For thousands of years, people in all parts of the world have worn charms called Amulets to protect the wearer against evil spirits. These included garlic to protect against vampires, posies of flowers to protect against the plague, and bells in a baby's crib to protect against evil spirits. The Ancient Egyptian sailors wore the symbol of a fish as amulet, made from lapis lazuli or turquoise, to protect them against drowning. The image of an open hand was used as an ancient amulet against the Evil Eye. Amulets of all kinds are still used today.
Whereas Amulets protect you from bad luck, charms called Talismans bring you good fortune. A rabbit's foot was said to bring you good luck because of it's contact with the Earth's energy. Sapphires and moonstones are believed to be powerful bringers of luck because of their ability to store and reflect light. The swastika, which means "good fortune" in Sanskrit, was a talisman in many Eastern cultures. It is now regarded as sinister since Nazi Germany adopted it as a symbol during World War II.

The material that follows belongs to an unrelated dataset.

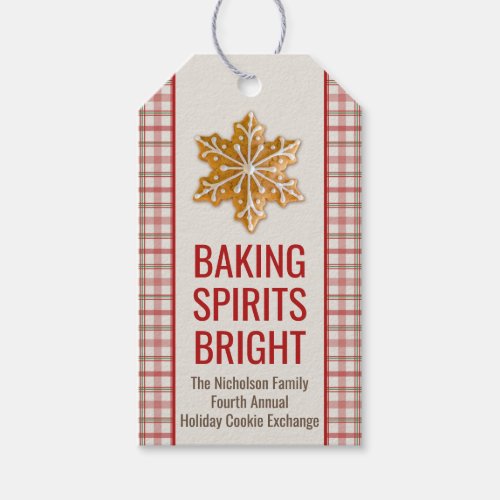Baking Spirits Bright  Christmas Cookie Plaid Gift Tags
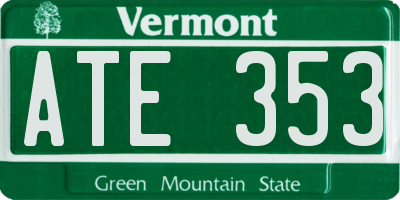 VT license plate ATE353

These are events or sightings which are seen as predictions, either happy or otherwise. To many Native Americans, a black crow's feather is a symbol of death. In Christian countries, the shiny black plumage of the raven is a bad omen, as black is traditionally linked with satan and sin. The number 13 is regarded as an unlucky omen too. This is based on the fact that there were 13 people present at Jesus' Last Supper. In different parts of the world the same omen can have the opposite meaning.
For example, in some countries a black cat crossing your path is a lucky omen and in others it's unlucky.

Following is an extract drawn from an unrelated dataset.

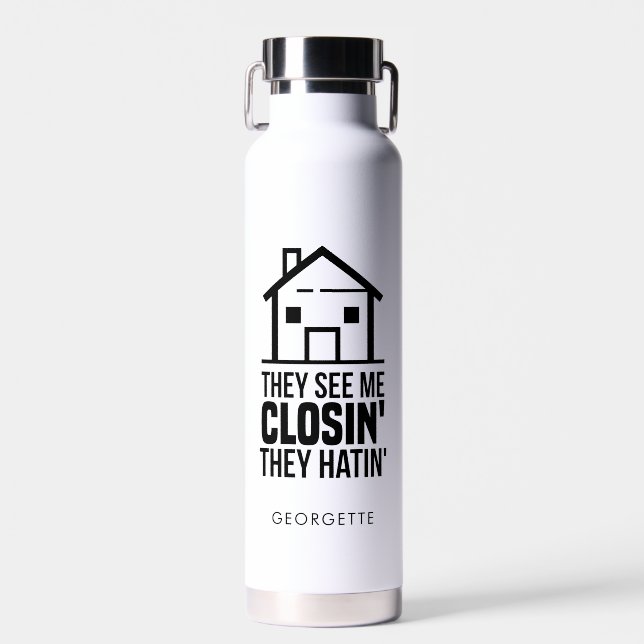 Real Anwesen Agent Realtor Coworker Closag Trinkflasche (Vorne)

The power of the Evil Eye is one of the most widespread and ancient fears. It appears to be based on people's mistrust of those with an unusual appearance. In countries where most people were brown-eyed, blue-eyed people were seen as a threat. In countries where most people were blue-eyed, dark eyes were feared. Today many people in the Mediterranean and Middle East still wear charms in the form of eyes to protect themselves from the harm of the Evil Eye. In Ancient Egypt the "Eye of Horus" was an amulet worn to outstare anyone who might have the "Evil Eye". Horus was the sky god. His left eye, or "wad jet" eye symbolized the power of light, and his right eye was his "solar" eye.